Es fängt damit an, dass einen jeder blöde anstarrt. (Wenigstens weiß ich an Tagen wie diesen, dass es am Humpeln liegt und nicht daran, dass mir ein Stück Pizza aus der Nase hängt.) Dazu kommen aber andere diverse Unverschämtheiten. Heute in der Kantine sah mich jemand auf eine Tür zu humpeln – und ließ sie vor meiner Nase zufallen. Das ist prinzipiell schon unhöflich, wenn jemand erkennbar schlecht auf den Füßen ist, aber noch mehr. Und jemanden erst aus dem Bus aussteigen zu lassen, ist ja generell nicht mehr in, aber mich fast umzurennen, während ich mich an das Geländer klammere, das ich beim Treppe abwärts gehen gerade brauche, ist SCHEISSE! Und weil ich den Spaß zum Glück nicht jeden Tag mitmachen muss, hab ich auch noch genug Energie, die Leute dafür anzupöbeln. Das hat auch viel Schönes, muss ich sagen. Am U-Bahn-Eingang lief mir eine Frau sehenden Auges direkt in den Weg und erwartete wohl, dass ich Platz mache. Hab ich nicht gemacht, denn die Frau humpelte im Gegensatz zu mir nicht. Da bin ich Arsch, da mach ich keinen Platz.  Und die Frau machte die Erfahrung, dass man einen Stoß auch mit Bänderdehnung besser abfedern kann, wenn man ihn erwartet.
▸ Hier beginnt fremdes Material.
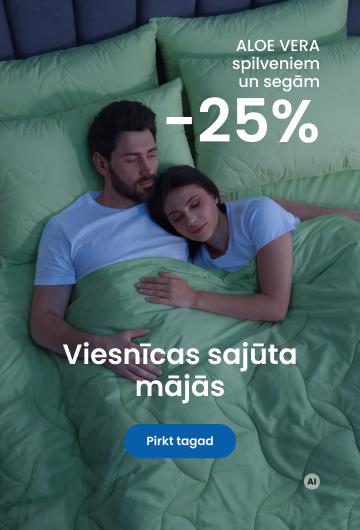 ALOE VERA spilveniem un segām -25 %/ mobile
Ich weiß, dass meine Umwelt das wieder einen Dreck interessiert, aber ein bisschen mehr Rücksichtnahme gegenüber leicht angeschlagenen Mitmenschen kann viel helfen. Denn nicht alle sind nach einer Woche wieder fit, manche müssen sich ihre ganzes Leben mit einer Behinderung oder ähnlichem auseinandersetzen* – und da hilft es, wenn man sich jeden Tag nicht auch noch mit 30 IDIOTEN AUSEINANDERSETZEN MUSS, DIE EINEM DURCHS BILD LAUFEN!

*Ja ja, so einen Text sollte man nicht nur schreiben, wenn es einen selbst betrifft, es passt aber grad nun mal so gut.